Existe, porque a certeza do inferno acha-se
de tal maneira ligada ao Cristianismo, que entre tantas
heresias que atacaram os dogmas católicos, nenhuma delas
ousou negá-lo, refulgindo esta verdade no meio de tantas
ruínas.
Existe, porque os mais ilustres filósofos e
atilados gênios admitiram o inferno, não só entre os
cristãos, mas ainda entre os mesmos pagãos: Virgílio,
Ovídio, Horácio, Sócrates, Platão e tantos outros.
Existe, porque os mais obstinados ímpios
nunca conseguiram uma convicção da não existência do
inferno.
Perguntaram a Rousseau se havia inferno, ao
que respondeu: Eu não sei... Voltaire ouvindo dizer a
um seu amigo que tinha achado a prova da não existência do
inferno, escreveu-lhe: Sois muito
feliz! Quanto a mim estou muito longe disso.
Existe porque os santos o afirmaram nas
páginas heróicas de uma vida de martírio e sacrifício. É
Santo Agostinho abandonando os seus erros aos
trinta anos; é São Jerônimo em rígida
penitência na gruta de Belém; é São Francisco
de Assis revolvendo-se nos espinhos ou atirando-se para uma
fogueira em brasas vivas; são todos esses mártires que
preferiram ser queimados vivos a serem atirados às chamas do
inferno.
Existe porque Nosso Senhor Jesus Cristo fala
muitas vezes no fogo do inferno no seu Evangelho. E neste
Jesus eu creio porque Ele é a Verdade.
O céu e a terra passarão; porém a Sua
Palavra não passará.
Ainda ninguém de lá veio para dizer que
o inferno existe,
dizeis vós. Os condenados a trabalhos
forçados pela vida inteira, também não vieram ainda dizer o
que acontece por lá; e, entretanto, ninguém se lembrou de
dizer que os castigos não existem.
Ainda ninguém de lá veio,
pois sim. Se um viajante ao
atravessar um deserto da África fosse devorado por um tigre
cruel, por certo não poderia voltar atrás para noticiar à
sua gente a desastrosa ocorrência, mas nem por isto deixa de
ser verdade tê-lo devorado a fera.
Ainda ninguém veio do outro mundo a
dizer que o inferno existe; mas também ninguém ainda veio
dizer que não existe. E
será certo que ninguém veio? Veio do Céu Jesus
Cristo que nos falou da outra vida e tantas vezes do inferno.

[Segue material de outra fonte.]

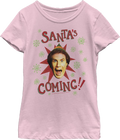 Girls Youth Santa's Coming Elf Shirt product image 1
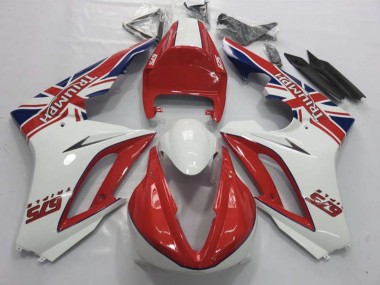 2009-2012 Red and White Triumph Daytona 675 Motorcycle Fairing UK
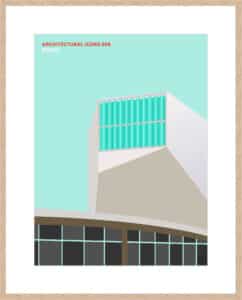 Architectural Icons IX - 10cm Mount Board Box Natural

Jesus, tão misericordioso e
tão benigno, que perdoa tudo aos pobres pecadores
arrependidos; Jesus que acolhe a culpada Madalena e a mulher
adúltera, o publicano Zaqueu e o ladrão crucificado a seu
lado; é Jesus que nos conta a condenação do mau
rico e sua eterna condenação,
e ainda nos admoesta tantas vezes a fugir do fogo eterno
onde há pranto e ranger de dentes. Admoesta-nos porque o
inferno existe, e existe para aqueles que não querem crer
nele.
E ninguém pode afirmar que o divino Mestre
quis inquietar ou amedrontar os homens. Ao falar do inferno
e dos tormentos que ali se sofrem, as suas palavras são
categóricas. O pobre Lázaro foi admitido numa eternidade e o
rico avarento, sem coração, foi precipitado na outra
eternidade. As cinco virgens prudentes, entram numa, as
cinco loucas na outra. O caminho estreito leva à eternidade
feliz, a estrada larga à eternidade desgraçada. Cristo
assegura ao bom ladrão que entrará com Ele no seu reino, e
de Judas afirma que melhor lhe fora não ter nascido.